Iranian Army Chief Major General Amir Hatami addressed the mourners: "Those who committed this crime must know that the nation of Iran and all of us will never cease in our pursuit of and demand for justice." A 38-year-old man in the crowd told AFP: "The killers [of Khamenei] must face punishment."
Bigger than Khomeini in 1989, and more controlled
The funeral of Ayatollah Ruhollah Khomeini in June 1989 holds a Guinness World Record: roughly 10.2 million mourners, about 16 percent of Iran's population at the time. The two-day procession inside Iran ended in chaos when crowd pressure forced the coffin to be airlifted by helicopter.
Iran's government designed a different format for Khamenei: six days, two countries. After Tehran, the procession moves to Qom on Tuesday, July 7, then to Najaf and Karbala in Iraq on Wednesday, July 8, before concluding in Mashhad on Thursday, July 9. The 131-day delay since his death on February 28, 2026, justified on post-war security grounds, gave organizers time to plan logistics at this scale.
Khamenei died on the opening day of a five-week war between Iran and a combined U.S.-Israeli force, aged 86, after nearly 37 years in power.

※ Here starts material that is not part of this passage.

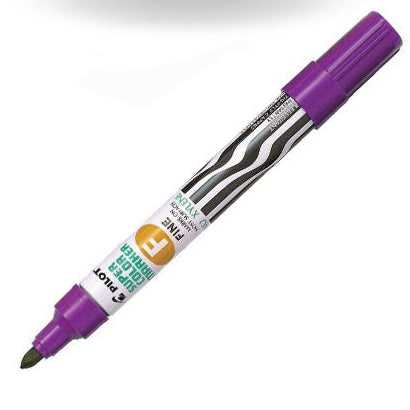 Purple marker with visible brand logo on a white background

Family members reported killed in the same strike include his daughter, a son-in-law, a daughter-in-law, and a 14-month-old granddaughter.

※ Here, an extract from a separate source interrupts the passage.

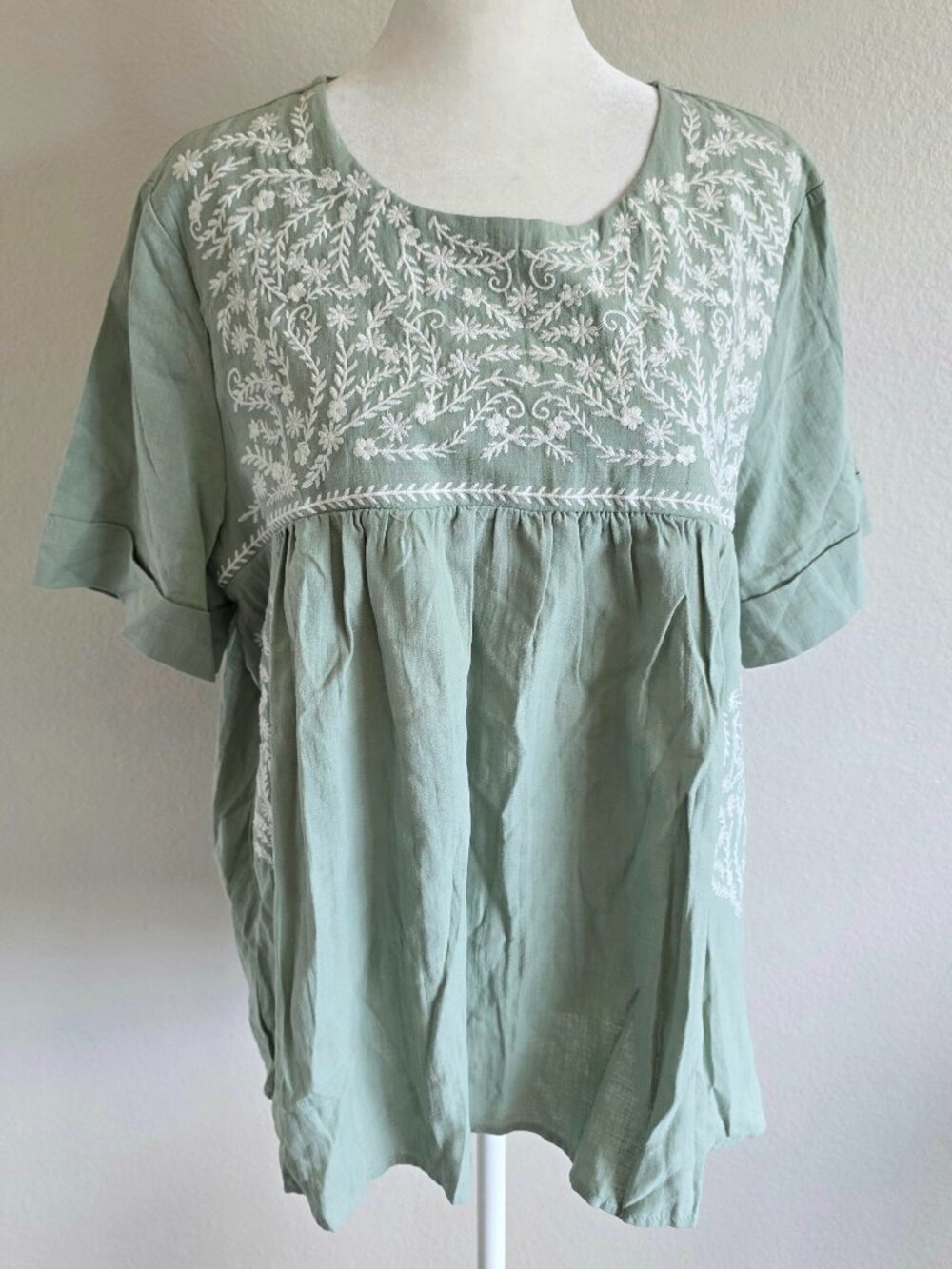 NEW Tea n Rose Top Blouse Embroidered Size XL Mint Green Cotton Boho Peasant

Why is Mojtaba Khamenei absent from his father's funeral?
Reuters reported that Mojtaba suffered serious injuries in the February 28 strike that killed his father: his face was disfigured and one or both of his legs were severely injured. Since the Assembly of Experts appointed him as the new supreme leader in March 2026, Tehran has released no public appearances or official images of him.

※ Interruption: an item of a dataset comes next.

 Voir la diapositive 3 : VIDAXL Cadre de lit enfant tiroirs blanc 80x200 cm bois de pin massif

Three of Khamenei's other sons, Mostafa, Meysam, and Masoud, prayed near the coffin on Sunday, July 5. Parliament Speaker Mohammad Bagher Ghalibaf praised the "proud and invincible Islamic nation of Iran" paying tribute to the "martyr." Mojtaba was not among them.
For decades, Iranian officials rejected father-to-son succession as "dynastic." When it finally happened in the middle of a war, the man who rose to power is the one least seen in public.
This procession is designed as a post-war show of strength: millions in Tehran's streets to demonstrate that the Islamic Republic remains intact after its leader was killed and its capital bombed. The crowds prove that mass mobilization is still possible. The narrative the government is building centers on Khamenei's martyrdom, not on his successor's presence.
For Indonesia, two direct channels connect Tehran to Jakarta: oil prices that track Gulf stability, and the religious travel routes that pass through Iraq, including Najaf and Karbala, two stops on this week's procession. The Strait of Hormuz, which Iran declared closed during the war, remains a tension barometer that has not fully settled.
Before the final burial in Mashhad on Thursday, July 9, one question remains: whether Mojtaba Khamenei will finally appear in public.